# Apriori Analysis and Custom ANN

In [1]:
import pandas as pd
import numpy as np
from sklearn.preprocessing import StandardScaler
from sklearn.metrics import accuracy_score
import re
import csv
from sklearn.metrics import confusion_matrix

## Use Apriori analysis to find phrases, or interesting patterns in a novel.

Use the nltk library corpus gutenberg API and load the novel 'carroll-alice.txt' which is the
Alice in Wonderland by L. Carroll. There are 1703 sentences in the novel which can be
represented as 1703 transactions.

In [2]:
import nltk
from nltk.corpus import stopwords, gutenberg

nltk.download('stopwords', quiet=True)
nltk.download('gutenberg', quiet=True)
nltk.download('punkt', quiet=True)
    
stop_words = stopwords.words('english')
sentences = gutenberg.sents('carroll-alice.txt')
terms_sentences = []

# store unique words to save as features
unique_words = set()
for terms in sentences:
    terms = [w for w in terms if w not in stop_words]
    terms = [w for w in terms if re.search(r'^[a-zA-Z]{2}', w) is not None]
    terms_sentences.append(terms)
    unique_words.update(terms)

for sentence in terms_sentences[:5]:
    print(sentence)

['Alice', 'Adventures', 'Wonderland', 'Lewis', 'Carroll']
['CHAPTER']
['Down', 'Rabbit', 'Hole']
['Alice', 'beginning', 'get', 'tired', 'sitting', 'sister', 'bank', 'nothing', 'twice', 'peeped', 'book', 'sister', 'reading', 'pictures', 'conversations', 'use', 'book', 'thought', 'Alice', 'without', 'pictures', 'conversation']
['So', 'considering', 'mind', 'well', 'could', 'hot', 'day', 'made', 'feel', 'sleepy', 'stupid', 'whether', 'pleasure', 'making', 'daisy', 'chain', 'would', 'worth', 'trouble', 'getting', 'picking', 'daisies', 'suddenly', 'White', 'Rabbit', 'pink', 'eyes', 'ran', 'close']


In [3]:
print(f"There are {len(unique_words)} unique words")
unique_words = list(unique_words)

There are 2793 unique words


In [4]:
# transform the sentences to be True or '' for Weka framework
new_sentences = []
for sentence in terms_sentences:
    transformed = ['' for i in range(len(unique_words))]
    for idx, word in enumerate(unique_words):
        if word in sentence:
            transformed[idx] = 'True'
    new_sentences.append(transformed)

print(f"The length of the new sentences list is: {len(new_sentences)}")
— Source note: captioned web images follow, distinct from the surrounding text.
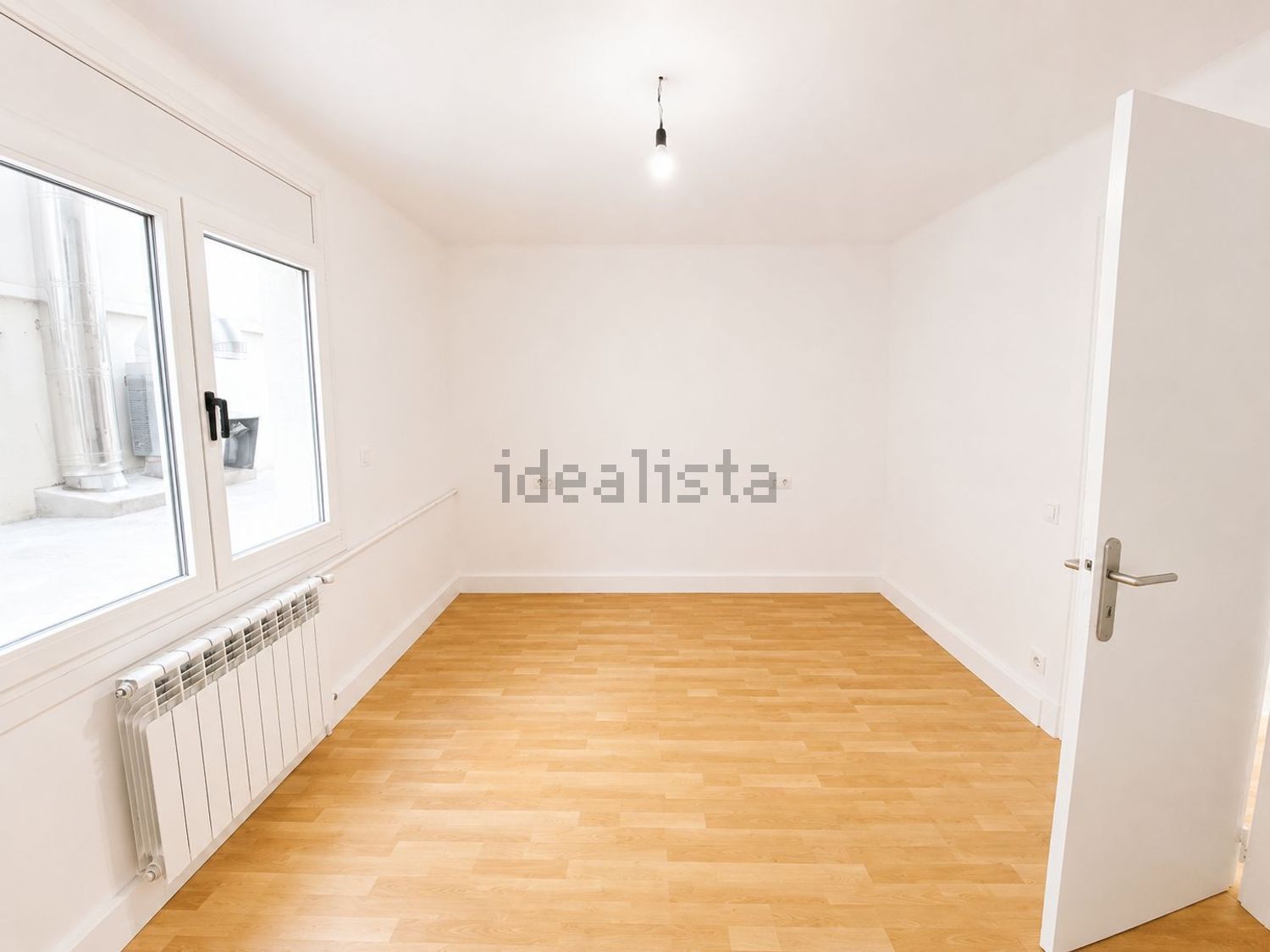 Borda de 3 habitacions de lloguer a Andorra la Vella · 15 de 20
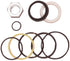 Bobcat 6586298 Replacement Hydraulic Cylinder Seal Kit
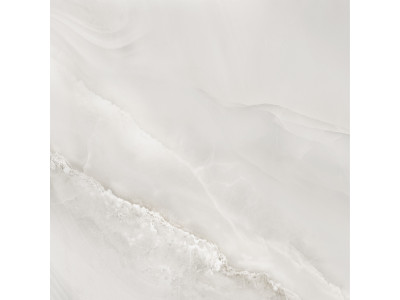Onyx Breez Gray 60x60
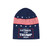 Latinos for Trump 2024 Donald Trump 2024 Gifts Slouchy Beanie Hat Skull Sleep Cap Knit Hat for Men Women Hedging Hat Black Latinos for Trump 2024 Donald Trump 2024 Gifts Slouchy Beanie Hat Skull Sleep Cap Knit Hat for Men Women Hedging Hat Black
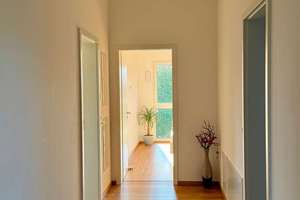 Teilmöblierte 3-Zimmer-Penthouse-Wohnung in Rinchnach – Am Sportgelände 1, 94269 Rinchnach – Vorschaubild 16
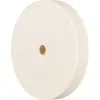 PFERD TOOLS 44316010 Disque de polissage Diamètre 60 mm 5 pc(s)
The length of the new sentences list is: 1703


In [5]:
# write the sentences to a csv where each list (sentence) is a row and each term in the sentence in a column
with open('sentences.csv', 'w') as csvfile:
    csvwriter = csv.writer(csvfile, delimiter=',', quoting=csv.QUOTE_ALL, quotechar="'", lineterminator='\n')
    csvwriter.writerow(unique_words) 
    for sentence in new_sentences:
        csvwriter.writerow(sentence)

## Patterns Observed through Weka Analysis


### FPGrowth Algorithm with Default Parameters (`lowerBoundMinSupport = 0.1`)

![image.png](attachment:e8cf2a2d-0cdd-4fc7-a216-c710c07094bf.png)

The `FPGrowth` algorithm with default parameters (`lowerBoundMinSupport = 0.1`) found `0` rules. Reducing the `lowerBoundMinSupport` will cause the algorithm to find more rules. 

### FPGrowth Algorithm with `lowerBoundMinSupport = 0.01`

![image.png](attachment:69ebad64-d54b-4729-b5fd-cd16cc50e876.png)

Reducing the `lowerBoundMinSupport` value to 0.01 found 7 rules. 

### FPGrowth Algorithm with `lowerBoundMinSupport = 0.005`

![image.png](attachment:26a3a9d1-c3bd-42bc-8f72-077d18812c60.png)

Reducing the `lowerBoundMinSupport` value to 0.005 found 13 rules.

### FPGrowth Algorithm with `lowerBoundMinSupport = 0.001`

![image.png](attachment:bed44bc9-d9b0-401b-af3d-b20a53d6581f.png)

Reducing the `lowerBoundMinSupport` to 0.001 found 539133 rules.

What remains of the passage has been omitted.